YOUR GOAL: Below are lines of data; restate word for word those running from the line containing "Drohnenflug &uuml;ber Tal" to the line containing "2444 Adelaide Dr, Thompsons", inclusive, and no others.

RECORDS TO USE:

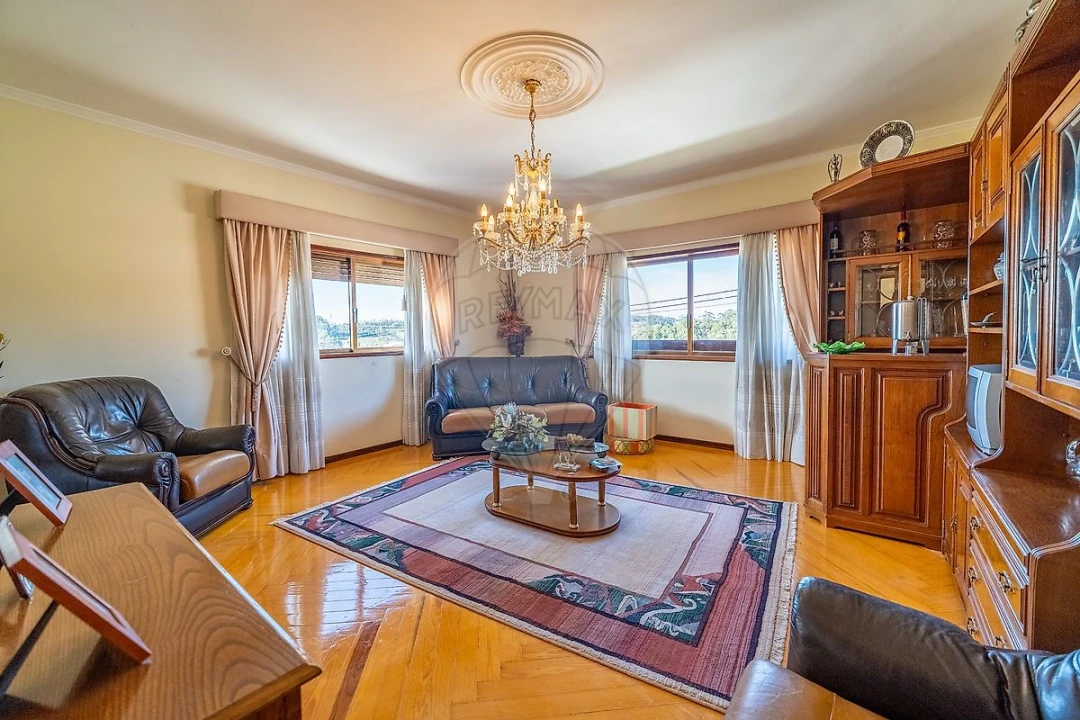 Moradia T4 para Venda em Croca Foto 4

==

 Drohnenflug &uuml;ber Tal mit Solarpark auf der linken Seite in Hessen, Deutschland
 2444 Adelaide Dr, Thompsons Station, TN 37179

---

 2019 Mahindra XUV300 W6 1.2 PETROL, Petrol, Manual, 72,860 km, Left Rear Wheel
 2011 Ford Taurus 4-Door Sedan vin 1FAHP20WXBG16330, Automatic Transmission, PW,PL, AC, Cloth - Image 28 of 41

EXERCISE SOLUTION:
 Drohnenflug &uuml;ber Tal mit Solarpark auf der linken Seite in Hessen, Deutschland
 2444 Adelaide Dr, Thompsons Station, TN 37179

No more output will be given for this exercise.